Developers Frasers Property and Sekisui House have signed a $2 billion mixed-use development agreement to provide funding for green energy infrastructure at Central Park.
The $26.5 million Environmental Upgrade Agreement (EUA) provides long-term low-cost finance for environmental infrastructure. Central Park’s EUA is only the second such agreement to be signed in NSW and is the City of Sydney’s first EUA.
The EUA was signed by the City of Sydney, landowner Frasers Property, and Eureka Funds Management as trustee of The Australian Environmental Upgrade Fund No2 (TAEUF), a fund established specifically for this EUA, with funds from ANZ and Low Carbon Australia.
The finance documents were signed by the landowner and Central Park’s joint venture developers, Frasers Property Australia and Sekisui House Australia.
The EUA funding provides for the construction of a central thermal and tri-generation electrical plant, which uses low-emission natural gas engines to produce thermal and electrical energy.
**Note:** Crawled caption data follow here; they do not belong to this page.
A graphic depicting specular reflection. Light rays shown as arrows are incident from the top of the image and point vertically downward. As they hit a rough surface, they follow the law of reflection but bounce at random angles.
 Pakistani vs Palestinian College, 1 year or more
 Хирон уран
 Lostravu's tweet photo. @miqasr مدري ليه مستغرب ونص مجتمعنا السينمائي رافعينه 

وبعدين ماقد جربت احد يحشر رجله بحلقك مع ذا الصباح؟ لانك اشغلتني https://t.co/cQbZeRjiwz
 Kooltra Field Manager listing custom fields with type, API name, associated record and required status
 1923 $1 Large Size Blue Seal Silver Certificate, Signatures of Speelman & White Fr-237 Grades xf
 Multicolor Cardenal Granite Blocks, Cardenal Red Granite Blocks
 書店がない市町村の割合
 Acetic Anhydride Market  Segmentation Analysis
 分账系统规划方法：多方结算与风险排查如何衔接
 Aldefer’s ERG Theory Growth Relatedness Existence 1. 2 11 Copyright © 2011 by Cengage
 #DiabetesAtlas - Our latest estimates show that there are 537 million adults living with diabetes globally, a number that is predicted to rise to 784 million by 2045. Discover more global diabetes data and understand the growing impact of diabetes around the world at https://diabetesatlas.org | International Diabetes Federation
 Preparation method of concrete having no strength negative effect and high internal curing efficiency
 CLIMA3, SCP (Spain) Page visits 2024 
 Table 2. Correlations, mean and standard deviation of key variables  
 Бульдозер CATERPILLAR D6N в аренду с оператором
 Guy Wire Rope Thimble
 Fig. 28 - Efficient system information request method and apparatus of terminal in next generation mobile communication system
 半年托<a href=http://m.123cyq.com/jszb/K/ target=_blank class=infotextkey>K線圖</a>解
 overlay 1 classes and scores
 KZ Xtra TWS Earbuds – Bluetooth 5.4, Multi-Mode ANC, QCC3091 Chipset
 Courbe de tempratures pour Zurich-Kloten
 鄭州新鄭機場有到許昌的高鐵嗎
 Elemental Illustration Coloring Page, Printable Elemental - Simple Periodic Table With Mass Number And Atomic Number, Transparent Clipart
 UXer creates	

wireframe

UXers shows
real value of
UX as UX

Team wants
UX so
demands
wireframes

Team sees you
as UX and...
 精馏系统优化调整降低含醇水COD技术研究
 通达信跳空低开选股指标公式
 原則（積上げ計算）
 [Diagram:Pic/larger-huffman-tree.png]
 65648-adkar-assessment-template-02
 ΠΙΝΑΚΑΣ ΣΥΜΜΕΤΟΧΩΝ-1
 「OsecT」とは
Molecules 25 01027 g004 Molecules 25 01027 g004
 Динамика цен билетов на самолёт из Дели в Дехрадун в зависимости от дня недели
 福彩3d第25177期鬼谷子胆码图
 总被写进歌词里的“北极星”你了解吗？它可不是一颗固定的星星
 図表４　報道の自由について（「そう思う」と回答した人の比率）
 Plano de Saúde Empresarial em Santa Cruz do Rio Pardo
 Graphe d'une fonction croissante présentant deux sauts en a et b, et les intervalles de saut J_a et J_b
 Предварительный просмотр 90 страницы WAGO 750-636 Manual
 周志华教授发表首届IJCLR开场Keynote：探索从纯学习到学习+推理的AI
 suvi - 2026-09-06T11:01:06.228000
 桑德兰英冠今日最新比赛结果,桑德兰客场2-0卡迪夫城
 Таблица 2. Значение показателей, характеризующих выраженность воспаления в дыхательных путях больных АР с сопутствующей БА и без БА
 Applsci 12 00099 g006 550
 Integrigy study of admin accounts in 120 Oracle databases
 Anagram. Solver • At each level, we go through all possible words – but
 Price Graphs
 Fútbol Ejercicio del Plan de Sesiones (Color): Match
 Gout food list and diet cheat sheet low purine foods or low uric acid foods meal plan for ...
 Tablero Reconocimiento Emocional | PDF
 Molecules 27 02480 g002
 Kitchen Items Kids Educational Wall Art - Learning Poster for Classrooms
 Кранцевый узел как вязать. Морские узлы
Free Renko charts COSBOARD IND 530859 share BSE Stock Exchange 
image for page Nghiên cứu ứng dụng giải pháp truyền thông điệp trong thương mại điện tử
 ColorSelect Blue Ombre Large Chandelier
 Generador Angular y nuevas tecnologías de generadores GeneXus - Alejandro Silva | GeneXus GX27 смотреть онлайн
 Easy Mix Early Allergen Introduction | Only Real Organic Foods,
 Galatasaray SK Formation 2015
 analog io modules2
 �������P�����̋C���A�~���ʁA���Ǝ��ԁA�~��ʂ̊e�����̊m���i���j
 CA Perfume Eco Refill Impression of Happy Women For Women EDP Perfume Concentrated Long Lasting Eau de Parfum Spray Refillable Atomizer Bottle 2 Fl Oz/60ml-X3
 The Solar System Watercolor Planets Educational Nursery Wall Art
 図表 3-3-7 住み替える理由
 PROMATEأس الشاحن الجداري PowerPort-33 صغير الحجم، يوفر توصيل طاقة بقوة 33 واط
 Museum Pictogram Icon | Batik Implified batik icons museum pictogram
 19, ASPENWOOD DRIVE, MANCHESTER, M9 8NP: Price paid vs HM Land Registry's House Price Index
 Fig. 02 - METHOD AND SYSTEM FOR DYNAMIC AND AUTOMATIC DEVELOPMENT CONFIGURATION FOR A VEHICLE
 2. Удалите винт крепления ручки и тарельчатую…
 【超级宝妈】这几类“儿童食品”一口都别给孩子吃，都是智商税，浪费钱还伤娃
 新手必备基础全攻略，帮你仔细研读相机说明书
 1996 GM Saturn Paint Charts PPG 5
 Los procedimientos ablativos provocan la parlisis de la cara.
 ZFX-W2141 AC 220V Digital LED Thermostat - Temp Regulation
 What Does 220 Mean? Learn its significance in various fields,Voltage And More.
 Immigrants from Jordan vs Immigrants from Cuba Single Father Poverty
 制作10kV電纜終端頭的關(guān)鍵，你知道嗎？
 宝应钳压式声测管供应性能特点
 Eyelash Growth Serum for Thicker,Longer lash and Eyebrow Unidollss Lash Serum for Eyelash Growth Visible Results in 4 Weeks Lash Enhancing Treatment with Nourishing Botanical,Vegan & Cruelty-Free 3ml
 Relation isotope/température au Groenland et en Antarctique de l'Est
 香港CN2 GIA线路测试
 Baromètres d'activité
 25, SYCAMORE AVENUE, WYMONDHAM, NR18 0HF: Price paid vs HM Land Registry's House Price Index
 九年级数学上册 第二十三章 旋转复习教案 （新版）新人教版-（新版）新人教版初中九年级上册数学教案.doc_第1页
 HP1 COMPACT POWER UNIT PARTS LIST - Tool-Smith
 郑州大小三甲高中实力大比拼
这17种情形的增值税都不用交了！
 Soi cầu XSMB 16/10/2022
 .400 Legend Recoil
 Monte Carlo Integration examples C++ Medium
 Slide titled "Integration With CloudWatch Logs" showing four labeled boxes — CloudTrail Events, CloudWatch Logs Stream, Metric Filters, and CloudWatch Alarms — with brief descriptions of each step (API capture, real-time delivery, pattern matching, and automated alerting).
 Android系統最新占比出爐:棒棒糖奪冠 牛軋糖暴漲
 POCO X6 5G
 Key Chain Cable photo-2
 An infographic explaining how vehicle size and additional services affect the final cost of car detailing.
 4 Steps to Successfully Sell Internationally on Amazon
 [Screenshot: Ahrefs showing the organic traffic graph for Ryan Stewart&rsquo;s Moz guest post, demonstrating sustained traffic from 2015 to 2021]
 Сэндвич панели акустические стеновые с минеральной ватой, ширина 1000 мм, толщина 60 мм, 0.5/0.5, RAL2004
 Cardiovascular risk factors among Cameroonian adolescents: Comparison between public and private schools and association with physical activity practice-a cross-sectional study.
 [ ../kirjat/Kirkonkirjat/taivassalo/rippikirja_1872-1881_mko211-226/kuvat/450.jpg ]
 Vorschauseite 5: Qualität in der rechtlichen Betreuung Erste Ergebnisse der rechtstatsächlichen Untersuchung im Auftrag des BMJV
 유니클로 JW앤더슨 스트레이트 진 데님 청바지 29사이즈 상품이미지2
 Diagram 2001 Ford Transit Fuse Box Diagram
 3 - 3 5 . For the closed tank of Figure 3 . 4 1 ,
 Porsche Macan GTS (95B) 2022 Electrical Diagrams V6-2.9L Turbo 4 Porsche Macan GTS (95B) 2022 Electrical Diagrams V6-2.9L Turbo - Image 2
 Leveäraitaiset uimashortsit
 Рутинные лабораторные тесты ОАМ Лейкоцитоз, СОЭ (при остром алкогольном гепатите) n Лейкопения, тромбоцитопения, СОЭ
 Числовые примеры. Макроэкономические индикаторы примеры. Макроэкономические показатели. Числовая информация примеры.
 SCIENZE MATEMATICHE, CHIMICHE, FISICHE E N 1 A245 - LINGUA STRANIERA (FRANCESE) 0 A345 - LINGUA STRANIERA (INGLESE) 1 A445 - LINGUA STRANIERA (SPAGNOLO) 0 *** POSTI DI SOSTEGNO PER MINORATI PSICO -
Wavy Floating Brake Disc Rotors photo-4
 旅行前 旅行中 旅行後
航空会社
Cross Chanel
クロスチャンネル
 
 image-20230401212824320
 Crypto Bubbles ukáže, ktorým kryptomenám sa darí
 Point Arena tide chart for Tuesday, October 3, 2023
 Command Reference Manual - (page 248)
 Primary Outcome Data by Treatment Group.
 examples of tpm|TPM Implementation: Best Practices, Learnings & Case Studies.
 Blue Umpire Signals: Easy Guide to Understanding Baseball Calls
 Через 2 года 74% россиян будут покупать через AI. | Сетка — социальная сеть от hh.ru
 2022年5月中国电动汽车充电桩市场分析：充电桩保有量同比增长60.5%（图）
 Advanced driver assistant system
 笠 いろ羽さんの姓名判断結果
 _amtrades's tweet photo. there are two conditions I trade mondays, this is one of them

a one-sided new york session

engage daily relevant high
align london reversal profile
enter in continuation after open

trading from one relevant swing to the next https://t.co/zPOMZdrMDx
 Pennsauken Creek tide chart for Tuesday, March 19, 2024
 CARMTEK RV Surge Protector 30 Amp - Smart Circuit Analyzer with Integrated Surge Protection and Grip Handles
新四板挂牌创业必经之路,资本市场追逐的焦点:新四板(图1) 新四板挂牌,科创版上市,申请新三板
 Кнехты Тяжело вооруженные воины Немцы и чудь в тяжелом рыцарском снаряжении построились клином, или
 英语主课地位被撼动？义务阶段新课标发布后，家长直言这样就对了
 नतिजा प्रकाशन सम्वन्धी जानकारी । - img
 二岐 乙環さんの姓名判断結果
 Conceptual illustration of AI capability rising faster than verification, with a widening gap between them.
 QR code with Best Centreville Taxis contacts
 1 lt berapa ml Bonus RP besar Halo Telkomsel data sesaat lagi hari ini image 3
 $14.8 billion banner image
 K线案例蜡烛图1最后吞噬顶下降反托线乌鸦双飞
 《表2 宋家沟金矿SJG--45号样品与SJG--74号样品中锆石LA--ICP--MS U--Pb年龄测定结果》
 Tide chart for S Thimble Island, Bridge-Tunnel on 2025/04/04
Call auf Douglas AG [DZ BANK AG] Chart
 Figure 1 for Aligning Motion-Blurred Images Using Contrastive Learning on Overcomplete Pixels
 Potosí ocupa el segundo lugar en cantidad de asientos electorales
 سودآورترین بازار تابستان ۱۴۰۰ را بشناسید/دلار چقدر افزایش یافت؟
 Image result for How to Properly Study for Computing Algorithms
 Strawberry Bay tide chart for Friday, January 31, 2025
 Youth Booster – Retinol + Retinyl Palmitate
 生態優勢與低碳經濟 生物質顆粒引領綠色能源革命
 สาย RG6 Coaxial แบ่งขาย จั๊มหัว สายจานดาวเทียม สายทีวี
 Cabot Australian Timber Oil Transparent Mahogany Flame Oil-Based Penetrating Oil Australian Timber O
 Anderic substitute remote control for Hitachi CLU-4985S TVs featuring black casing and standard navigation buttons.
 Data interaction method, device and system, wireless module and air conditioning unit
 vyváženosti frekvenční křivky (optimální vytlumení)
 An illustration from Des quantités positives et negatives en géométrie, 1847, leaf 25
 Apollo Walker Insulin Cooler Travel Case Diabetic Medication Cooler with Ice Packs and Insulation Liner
The system efficiently uses the bi-products of energy generation (hot and cold water) to provide centrally reticulated heating and cooling for air and water, for use throughout the precinct.
Located underground beneath the historic ‘Brewery Yard’ building, the tri-generation plant will deliver electricity to the site’s historic buildings, and has the potential to be exported to neighbouring buildings offsite.
The tri-generation plant was approved by the NSW Department of Planning and Infrastructure in February 2012, with a subsequent modification approved in May 2012.
Frasers Property and Sekisui House are currently seeking Expressions of Interest for an owner/operator of the tri-generation plant, with the owner/operator to be in place prior to the commissioning of the plant, in late 2013.